Greg wasn’t sure what to expect when he walked through the door into the Ali’s living room. Spartan was the first word that came to his mind as he glanced around the single downstairs room with its fireplace at one end and an open, rough timber staircase at the other.  A toddler and babe played on a rug made from scraps of rags sewn on canvas in front of the unlit fire. His nostrils picked up the savoury aroma of a stew bubbling in a large pot blackened with long usage; simmering away on an old wood fired iron range on the far wall adjacent to the staircase. There was another smell beneath that which had Greg perplexed.  

It was an odour from his youth and for a moment he couldn’t place it until his memory reached deep into its recesses and brought out a picture of his grandmother on her knees scrubbing her floors with a white enamel pail of sudsy water, a hard, bristle scrubbing brush and a large bar of carbolic soap in her hands. That was it, the smell he remembered, carbolic soap!

‘Come in and sit down Mr. Mitchell,’ Martha looked embarrassed as she indicated the rough hewn, homemade table and its plain, backless, wooden benches as where they should sit.

‘Thank You. Martha.’ Greg had not sat on a bench like that since his elementary school days. While the others settled themselves onto the benches Greg glanced around the room.  He saw no comfort, in fact there was no furniture, other than an old rocker by the fireplace and what looked like a polished wood sewing box beside it. There were more home made benches against the front wall. An old sepia toned photograph of a middle aged couple on their wedding day decorated the otherwise bare wall: the photograph and a small posy of freshly cut wild flowers in a jam jar of water in the centre of the table were the only ornaments. Martha caught Greg’s interest in the old photograph.

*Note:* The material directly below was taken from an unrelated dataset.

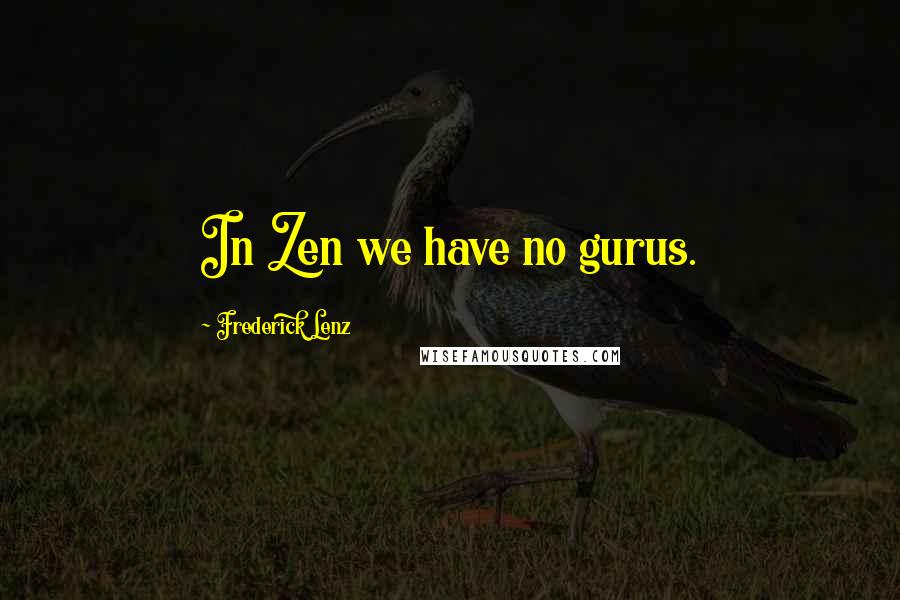 Frederick Lenz Quotes: In Zen we have no gurus.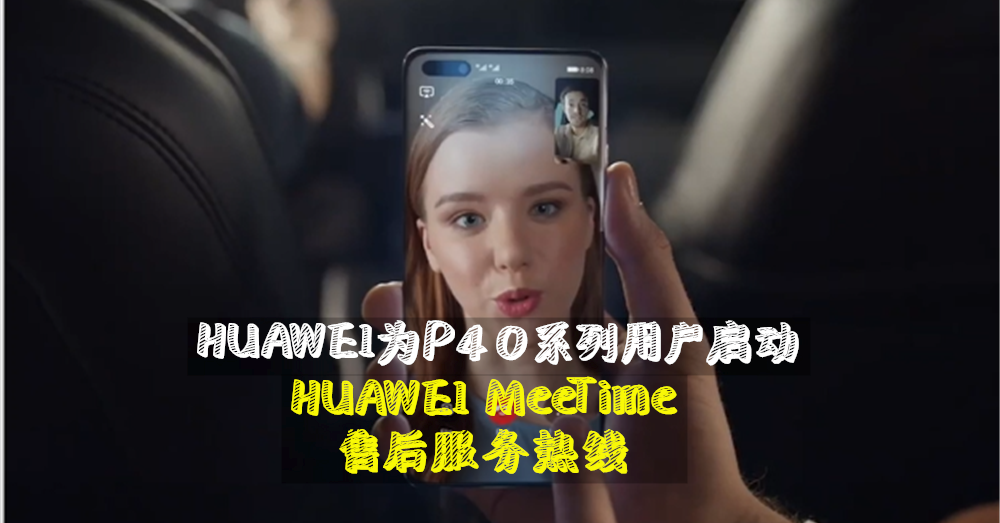 HUAWEI为大马P40系列用户启动其创新的 HUAWEI MeeTime售后服务热线 ！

‘They’re my folks,’ she said, ‘ they married later in life. They’re both gone now.’ Greg didn’t know what to say and made as if to cough instead. 

‘Would you like some coffee Mr. Mitchell?’ Martha asked pleasantly and rose from the table.

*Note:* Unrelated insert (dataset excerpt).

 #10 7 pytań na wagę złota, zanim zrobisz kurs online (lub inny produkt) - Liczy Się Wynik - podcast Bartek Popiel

She walked towards the cooking range on the far wall to take a jar from the home- made shelves that had been fixed to the wall between the two windows. Greg noticed there were no drapes or blinds over the windows. The shelves held various boxes and tins that had been spread out over the length of the shelves with even gaps between them to use the space and hide the fact there were so few tins. Greg looked around for cupboards and saw just one under the staircase.

Ali stood glaring at them from that end of the room with a sour faced expression and his arms folded across his chest. His wife prodded him in the stomach as she passed to pull a black kettle onto the hot ring and put some scraps of wood into the stove’s firebox. Greg took care not to look at them, neither did he want to say anything in case it was misunderstood and inflamed Ali again. He looked up above him and saw the single light bulb hanging above the table. An intricate shade had been made out of coloured pieces of cardboard. This was a poor household, but a clean and tidy home. Greg welled up inside with anger at a society that was the richest on earth and let its people live in such poverty. More than anything else Greg wanted Ali to take this job so that he could pay him well.  He glanced quickly at the kids on the floor. They wore threadbare clothes, but were as clean as any youngsters of their age can be.  He recognized a small jar of Maxwell House instant coffee in Martha’s hands as she took mugs from another shelf and put them on the range beside the kettle. He noticed her imperceptible glance at her husband, as if she was asking his permission to make coffee.  He also saw Ali’s slight nod of approval. She had held up the jar to Ali and Greg saw there was practically no coffee in it as he could see her hand through the jar. There could only be traces of coffee powder inside.  Greg knew straight away that this was all the coffee they had and were perhaps saving it for use on a special occasion: since they would likely have no money to buy any more. Greg couldn’t bring himself to take it from them.